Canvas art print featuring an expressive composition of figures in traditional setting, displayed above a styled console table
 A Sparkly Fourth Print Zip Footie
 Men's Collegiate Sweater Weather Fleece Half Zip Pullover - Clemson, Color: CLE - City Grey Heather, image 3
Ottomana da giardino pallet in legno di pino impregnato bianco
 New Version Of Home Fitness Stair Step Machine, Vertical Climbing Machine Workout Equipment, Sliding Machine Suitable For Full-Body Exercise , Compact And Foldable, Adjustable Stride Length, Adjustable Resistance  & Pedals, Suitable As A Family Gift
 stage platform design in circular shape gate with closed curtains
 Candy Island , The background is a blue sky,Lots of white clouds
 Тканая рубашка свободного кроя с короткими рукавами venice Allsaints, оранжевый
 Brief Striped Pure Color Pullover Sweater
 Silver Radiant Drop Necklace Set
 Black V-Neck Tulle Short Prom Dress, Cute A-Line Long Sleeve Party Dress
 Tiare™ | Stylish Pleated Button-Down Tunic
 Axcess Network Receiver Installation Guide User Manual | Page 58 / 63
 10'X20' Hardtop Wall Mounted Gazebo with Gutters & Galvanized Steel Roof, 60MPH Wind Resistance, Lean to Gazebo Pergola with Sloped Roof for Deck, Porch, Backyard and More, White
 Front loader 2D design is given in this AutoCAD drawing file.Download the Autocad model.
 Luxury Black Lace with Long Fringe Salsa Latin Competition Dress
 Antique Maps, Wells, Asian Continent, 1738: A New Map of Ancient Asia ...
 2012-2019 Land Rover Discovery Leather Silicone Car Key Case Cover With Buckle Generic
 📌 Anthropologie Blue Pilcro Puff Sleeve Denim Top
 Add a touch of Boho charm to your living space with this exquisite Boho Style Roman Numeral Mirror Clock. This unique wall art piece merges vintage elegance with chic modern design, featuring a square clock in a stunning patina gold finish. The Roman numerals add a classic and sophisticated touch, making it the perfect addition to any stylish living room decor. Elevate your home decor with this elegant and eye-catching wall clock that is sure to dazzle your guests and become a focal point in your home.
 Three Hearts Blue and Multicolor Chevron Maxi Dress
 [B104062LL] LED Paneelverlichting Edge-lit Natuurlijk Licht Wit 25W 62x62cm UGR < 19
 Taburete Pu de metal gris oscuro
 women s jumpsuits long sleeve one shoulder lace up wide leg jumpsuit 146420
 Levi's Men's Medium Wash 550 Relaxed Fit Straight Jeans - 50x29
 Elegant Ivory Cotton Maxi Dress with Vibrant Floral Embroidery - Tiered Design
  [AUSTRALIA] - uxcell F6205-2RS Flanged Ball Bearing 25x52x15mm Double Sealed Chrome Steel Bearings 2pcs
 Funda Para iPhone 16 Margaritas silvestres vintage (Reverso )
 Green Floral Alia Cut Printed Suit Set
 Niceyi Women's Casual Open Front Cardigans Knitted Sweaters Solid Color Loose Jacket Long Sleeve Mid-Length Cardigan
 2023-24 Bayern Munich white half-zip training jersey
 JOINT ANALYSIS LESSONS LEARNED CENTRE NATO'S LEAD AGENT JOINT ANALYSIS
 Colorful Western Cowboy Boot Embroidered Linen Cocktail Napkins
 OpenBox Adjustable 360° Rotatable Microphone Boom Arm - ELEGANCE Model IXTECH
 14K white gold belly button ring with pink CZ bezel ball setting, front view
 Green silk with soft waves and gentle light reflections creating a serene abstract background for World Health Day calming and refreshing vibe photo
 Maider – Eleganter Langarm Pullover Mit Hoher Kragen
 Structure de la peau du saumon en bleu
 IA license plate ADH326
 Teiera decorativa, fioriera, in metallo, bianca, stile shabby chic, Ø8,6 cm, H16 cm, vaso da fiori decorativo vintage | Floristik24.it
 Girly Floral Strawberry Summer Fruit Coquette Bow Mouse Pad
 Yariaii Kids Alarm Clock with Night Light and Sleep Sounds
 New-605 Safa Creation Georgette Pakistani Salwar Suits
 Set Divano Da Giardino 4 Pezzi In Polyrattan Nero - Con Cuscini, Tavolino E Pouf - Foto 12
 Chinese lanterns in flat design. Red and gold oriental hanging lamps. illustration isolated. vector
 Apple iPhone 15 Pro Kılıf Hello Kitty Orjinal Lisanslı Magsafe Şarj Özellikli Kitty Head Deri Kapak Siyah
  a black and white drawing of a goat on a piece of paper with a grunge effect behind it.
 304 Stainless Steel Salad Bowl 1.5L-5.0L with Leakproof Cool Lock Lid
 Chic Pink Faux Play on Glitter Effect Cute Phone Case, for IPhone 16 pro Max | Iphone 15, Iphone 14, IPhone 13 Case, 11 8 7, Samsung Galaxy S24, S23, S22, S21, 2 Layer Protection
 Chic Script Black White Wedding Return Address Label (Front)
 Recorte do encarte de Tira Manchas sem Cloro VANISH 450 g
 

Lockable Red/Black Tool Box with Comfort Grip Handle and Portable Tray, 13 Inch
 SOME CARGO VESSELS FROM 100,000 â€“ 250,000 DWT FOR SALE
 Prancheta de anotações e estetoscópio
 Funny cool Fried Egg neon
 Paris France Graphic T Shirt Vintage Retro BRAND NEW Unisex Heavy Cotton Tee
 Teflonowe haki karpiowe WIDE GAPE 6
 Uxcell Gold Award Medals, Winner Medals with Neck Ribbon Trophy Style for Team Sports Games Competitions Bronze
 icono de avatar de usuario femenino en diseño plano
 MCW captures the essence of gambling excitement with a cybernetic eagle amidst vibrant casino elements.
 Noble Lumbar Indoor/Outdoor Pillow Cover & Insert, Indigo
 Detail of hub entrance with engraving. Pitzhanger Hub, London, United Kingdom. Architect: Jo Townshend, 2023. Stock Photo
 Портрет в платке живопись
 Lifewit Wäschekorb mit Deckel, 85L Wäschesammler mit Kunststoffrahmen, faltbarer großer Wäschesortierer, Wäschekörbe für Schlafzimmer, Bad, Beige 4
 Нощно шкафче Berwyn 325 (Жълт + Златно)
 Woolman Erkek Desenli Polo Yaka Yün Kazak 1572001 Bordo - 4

------------

▶ _Work task_:
Taking the entries above, write out exactly the lines starting with the line containing "Axcess Network Receiver" and going on through the line containing "10'X20' Hardtop Wall", both included, and nothing else.

▶ _Solution below_:
 Axcess Network Receiver Installation Guide User Manual | Page 58 / 63
 10'X20' Hardtop Wall Mounted Gazebo with Gutters & Galvanized Steel Roof, 60MPH Wind Resistance, Lean to Gazebo Pergola with Sloped Roof for Deck, Porch, Backyard and More, White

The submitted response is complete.